The answer is obsessiveness. Pié Palomar sweats pretty much every detail right down to the amphorae he uses and how he seals them. He carefully guards against oxidation of his wines by using small amounts of sulfur at key stages.
"There are wines made in amphorae that are undrinkable," says Pié Palomar. "An amphora can destroy a wine if you don't choose the right one. The world of clay is more complex than the world of wood."
Pié Palomar, one of three Bonastre producers bottling their own wines, began experimenting with winemaking at 16. He worked in his family vineyards with his grandfather, who sold his wine in bulk but "didn't know what he was doing," says Pié Palomar.
His father—a prosperous commercial tomato producer who Pié Palomar calls "anti-terroir"—did as most locals do and sold grapes to a local cooperative. His father planted some new vineyards with international varieties that Pié Palomar later replaced.
After finishing his enology, viticulture and sommelier studies, Pié Palomar spent years working for other producers, but his thoughts returned to Bonastre, with its clay limestone soils, constant sea breezes and abandoned hillside terraces that he hopes to one day restore "when I have the money."

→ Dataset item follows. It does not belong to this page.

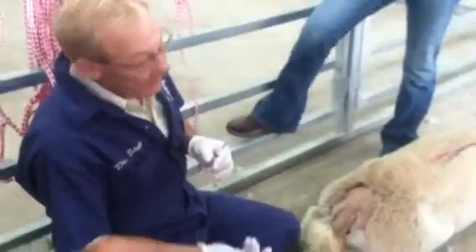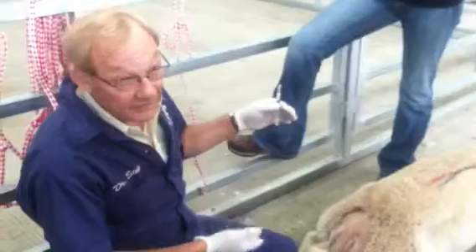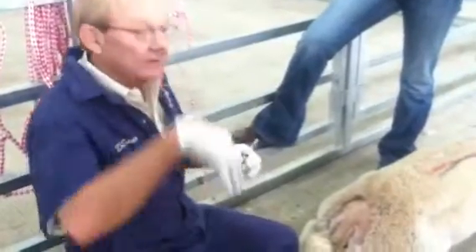Then I usually stick around — by the time I'm cleaning all the stuff up and cleaning myself up, the animal gets up on its own.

"I felt there was a big potential here that wasn't being exploited," he says.
In 2009, Pié Palomar made about 330 cases of traditional sparkling wine from white Xarel-lo, a traditional grape used to make cava. He aged the wine in bottle for years, releasing the first batch of that 2009 vintage only in 2014.
Working in his family's old cellar, he began using amphorae for his fermentations in 2011. The following year he started experimenting with fermentations in the vineyard for two wines, one white Xarel-lo and one red Monastrell (Mourvèdre) under the label Sicus Sons.
The initial idea was for the grapes to ferment only with wild yeasts from the vineyard, not those in the winery.
Also, he adds, "the wines breathe in the same soils in which they were grown, with the same vibrations."
During harvest for Sicus Sons, Pié Palomar drops manually destemmed grapes directly into buried 200-liter clay vessels, which he seals with iron lids and silicone caulk. The wine must macerates and ferments—four days for white and 20 days for red. Then he presses on site with the help of a generator and electric pump, and returns the wine to amphora until spring.
Pié Palomar now cultivates 18 acres of family-owned and rented vineyards and has gradually added wines to his lineup. By the end of this year, he will have 10 wines on the market ranging in price from about $12 to $45 in Spanish wine shops. (In the U.S. his red Sicus Monastrell sells for three times the $15 Spanish price at $45).
Sometimes experiments don't work out. About 10 percent of his wine never makes it to bottle. With his rejected batches, he sometimes makes vinegar. The rest, he says, he recycles an old-fashioned way.
"I give it to my grandfather," he laughs. "He drinks everything."